Beginning of the End of the Line
The start of training camp is an exciting day for a lot of reasons. The long off-season is finally and officially over. We can actually see something resembling football on our TV's, favorite blogs, and smartphones again. A whole round of pointless speculation ends...only to be followed by an entirely new wave. For some players, training camp is the start of a huge new phase of their life, either as an extension of college stardom or as a chance to prove they should have been stars all along. But for others, a different phase of life is about to begin: a life without football.
Right now, the Packers roster holds 90 men. Within a few weeks, that number will be cut by almost half, down to 53. Some of those guys will catch on with other teams, but for many, if not most, this is the absolute end of the road.
Think about these names: Micah Johnson. Marc Tyler. Shaky Smithson. Sampson Genus. Jaymes Brooks. Mike McCabe. All of them were in camp with the Packers, but none of them made it past the final roster rundown. If you do a little digging, you'll see some of them caught on briefly with other teams in the NFL or CFL, but none of them stuck around for real long.

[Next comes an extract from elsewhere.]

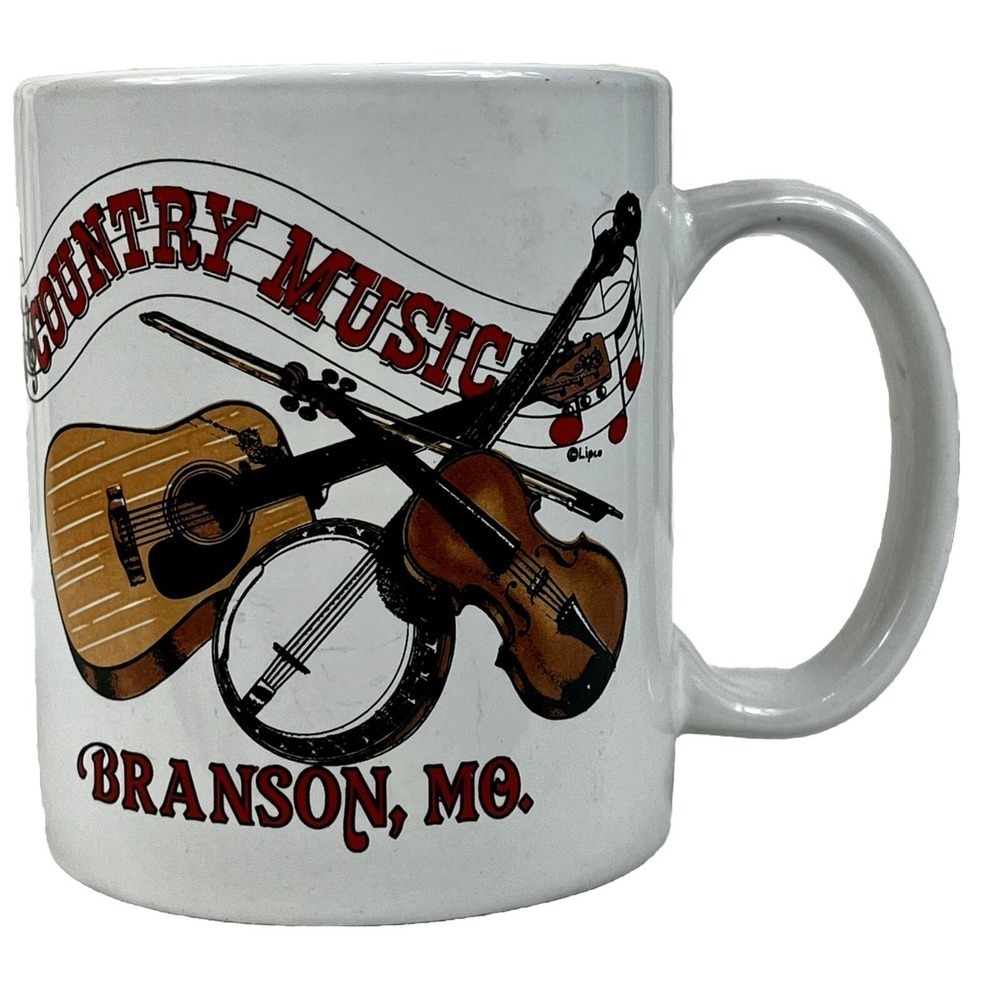 Branson Coffee Mug Cup Branson Country Music Show Capital of The World Missouri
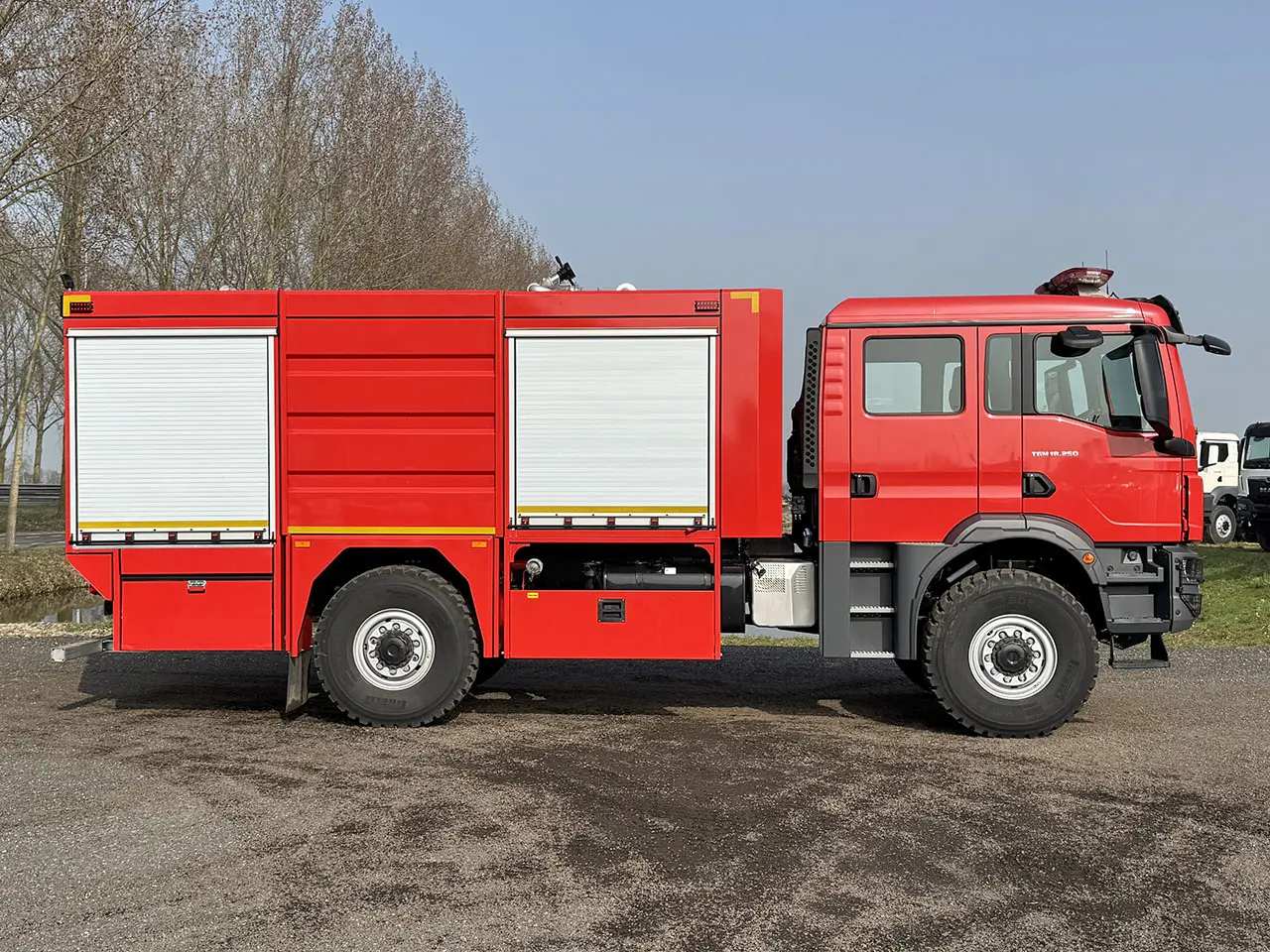 MAN TGM 18.250 BB CH Fire Fighter Truck 4x4 5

For them, the end of training camp was the end of a career. More than that, it was the end of a dream. Think about how much time and effort it takes to become the kind of player that gets invited to an NFL training camp. Think about suddenly being told that all that time and effort didn't matter any more because you'd been proven definitively not good enough to make it in the NFL.
Watching football during training camp, or even during the regular season, it can be difficult to remember that each of the men on the field is a human being. No, not all of them are good human beings. But all of them worked hard to be there. And they at least deserve our respect for the work they've put in.
If you find yourself tempted, then, to write off a rookie or someone on the back end of their career who clearly won't make the team, try to remember that not everybody has to endure their dream being killed in front of bleachers full of fans. Yes, it's true that they chose this life. But that doesn't mean the pain when the dream comes to an end isn't any less real.